Dietro ogni squadra, una strategia. Dietro ogni persona… anche.

La tua squadra la conosci a memoria.
Giocatori, calendario, classifica: niente ti sfugge. E la nuova maglia? Già vista, commentata, approvata (o forse no).

Ma sai davvero chi possiede la tua squadra?

No, non è una curiosità da bar sport. È educazione finanziaria.

Dietro l’Inter c’è Oaktree, fondo americano specializzato in gestione patrimoniale.
Il Milan è controllato da RedBird, altra società d’investimento.
La Juventus fa capo a Exor, holding della famiglia Agnelli.
La Roma è nelle mani del gruppo Friedkin, attivo nel settore auto e cinema.
E il Como? Dei fratelli Hartono, miliardari indonesiani tra finanza e tabacco.

Altro che passione: qui si parla di strategie, capitali, diversificazione.
E, se ci pensi, non è poi così diverso da quello che riguarda anche te.

Anche tu, in fondo, sei una società.
Hai entrate, uscite, obiettivi, responsabilità.
Magari un mutuo sulle spalle, un figlio da accompagnare nel suo percorso, una pensione da costruire, e magari anche quel sogno che richiede tempo e risorse.

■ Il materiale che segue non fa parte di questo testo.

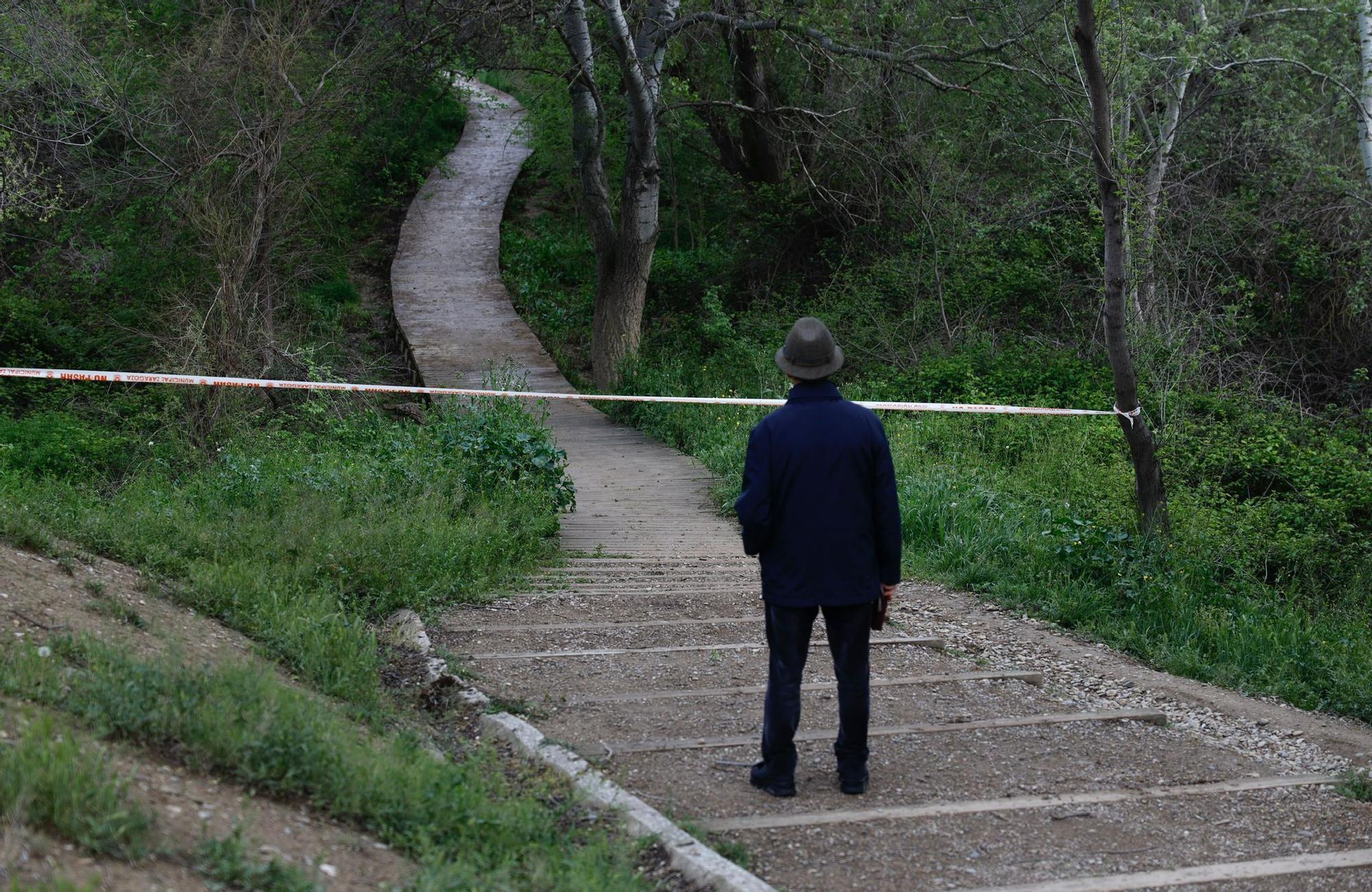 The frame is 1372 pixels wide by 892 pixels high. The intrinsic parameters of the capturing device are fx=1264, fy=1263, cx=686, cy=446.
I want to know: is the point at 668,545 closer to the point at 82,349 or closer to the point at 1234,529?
the point at 1234,529

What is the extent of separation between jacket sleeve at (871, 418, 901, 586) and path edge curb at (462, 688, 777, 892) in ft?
4.08

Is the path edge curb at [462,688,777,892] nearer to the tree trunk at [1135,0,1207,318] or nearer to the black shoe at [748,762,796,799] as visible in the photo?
the black shoe at [748,762,796,799]

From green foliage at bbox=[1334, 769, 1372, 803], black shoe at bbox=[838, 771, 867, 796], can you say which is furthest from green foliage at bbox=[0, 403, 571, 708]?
green foliage at bbox=[1334, 769, 1372, 803]

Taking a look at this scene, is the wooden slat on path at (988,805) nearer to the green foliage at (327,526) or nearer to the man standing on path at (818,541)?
the man standing on path at (818,541)

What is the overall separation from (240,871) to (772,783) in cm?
214

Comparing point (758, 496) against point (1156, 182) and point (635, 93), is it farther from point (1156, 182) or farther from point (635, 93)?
point (1156, 182)

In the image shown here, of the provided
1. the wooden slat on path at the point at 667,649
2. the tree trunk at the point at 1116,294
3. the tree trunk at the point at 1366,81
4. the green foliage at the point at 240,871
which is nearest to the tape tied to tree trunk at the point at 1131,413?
the tree trunk at the point at 1116,294

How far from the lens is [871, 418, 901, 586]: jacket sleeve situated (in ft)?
15.4

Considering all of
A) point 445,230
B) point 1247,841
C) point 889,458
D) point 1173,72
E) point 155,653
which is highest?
point 1173,72

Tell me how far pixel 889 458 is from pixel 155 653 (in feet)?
9.68

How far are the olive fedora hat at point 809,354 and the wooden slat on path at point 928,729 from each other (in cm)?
155

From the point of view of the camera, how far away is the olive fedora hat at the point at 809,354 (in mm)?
4766

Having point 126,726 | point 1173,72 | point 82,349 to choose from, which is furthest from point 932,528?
point 82,349

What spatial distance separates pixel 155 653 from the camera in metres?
4.93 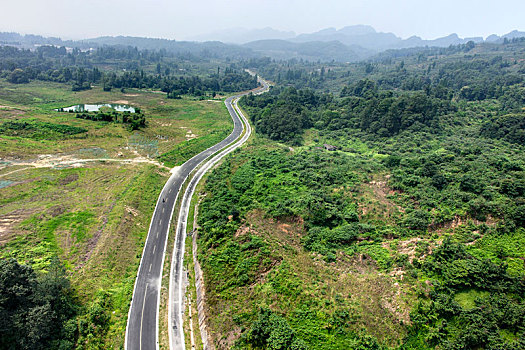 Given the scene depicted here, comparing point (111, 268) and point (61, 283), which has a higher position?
point (61, 283)

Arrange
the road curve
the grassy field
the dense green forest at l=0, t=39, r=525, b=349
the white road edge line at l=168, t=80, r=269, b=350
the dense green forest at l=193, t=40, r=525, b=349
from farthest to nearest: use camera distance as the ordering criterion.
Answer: the grassy field < the white road edge line at l=168, t=80, r=269, b=350 < the road curve < the dense green forest at l=0, t=39, r=525, b=349 < the dense green forest at l=193, t=40, r=525, b=349

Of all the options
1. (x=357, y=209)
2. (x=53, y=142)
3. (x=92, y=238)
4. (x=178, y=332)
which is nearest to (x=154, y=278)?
(x=178, y=332)

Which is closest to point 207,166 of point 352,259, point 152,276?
point 152,276

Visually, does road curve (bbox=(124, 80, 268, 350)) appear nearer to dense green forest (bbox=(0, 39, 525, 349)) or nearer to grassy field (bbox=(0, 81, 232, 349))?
grassy field (bbox=(0, 81, 232, 349))

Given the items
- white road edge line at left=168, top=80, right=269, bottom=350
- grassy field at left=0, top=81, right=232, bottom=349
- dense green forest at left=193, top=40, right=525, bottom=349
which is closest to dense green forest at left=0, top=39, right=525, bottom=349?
dense green forest at left=193, top=40, right=525, bottom=349

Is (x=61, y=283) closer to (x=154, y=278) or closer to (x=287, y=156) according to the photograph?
(x=154, y=278)

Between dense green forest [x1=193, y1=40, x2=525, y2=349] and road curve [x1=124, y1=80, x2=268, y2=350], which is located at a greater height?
dense green forest [x1=193, y1=40, x2=525, y2=349]

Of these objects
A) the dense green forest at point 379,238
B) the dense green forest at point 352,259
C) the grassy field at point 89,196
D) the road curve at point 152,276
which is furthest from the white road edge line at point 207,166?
the grassy field at point 89,196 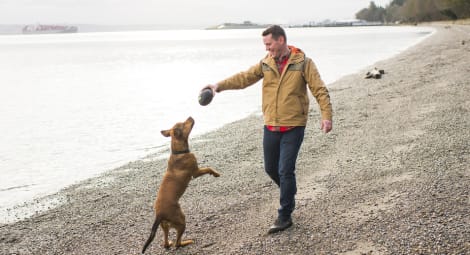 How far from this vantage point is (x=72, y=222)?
684 centimetres

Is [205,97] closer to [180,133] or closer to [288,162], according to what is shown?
[180,133]

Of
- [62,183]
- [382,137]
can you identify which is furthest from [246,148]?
[62,183]

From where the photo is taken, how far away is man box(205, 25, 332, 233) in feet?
16.5

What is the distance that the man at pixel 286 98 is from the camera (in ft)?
16.5

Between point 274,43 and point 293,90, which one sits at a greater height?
point 274,43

Insomma, che tu lo voglia o no, stai gestendo anche tu una squadra: la tua.
E allora proviamo a guardare le cose da un’altra prospettiva, con lo sguardo di chi, come un buon presidente di Serie A, non si limita a tifare… ma amministra, decide, pianifica.

Cosa puoi imparare da un club ben gestito?

Prima regola: diversifica
Nessun club mette tutto in una sola fonte di reddito.
Non puoi vivere solo di sponsor, o solo di biglietti allo stadio.
Allo stesso modo, non puoi affidare tutto il tuo futuro a un solo strumento, a un solo mercato, a un’unica formula.
Diversificare per settori e aree geografiche non è un vezzo da esperti: è una base per stare in piedi, oggi e domani.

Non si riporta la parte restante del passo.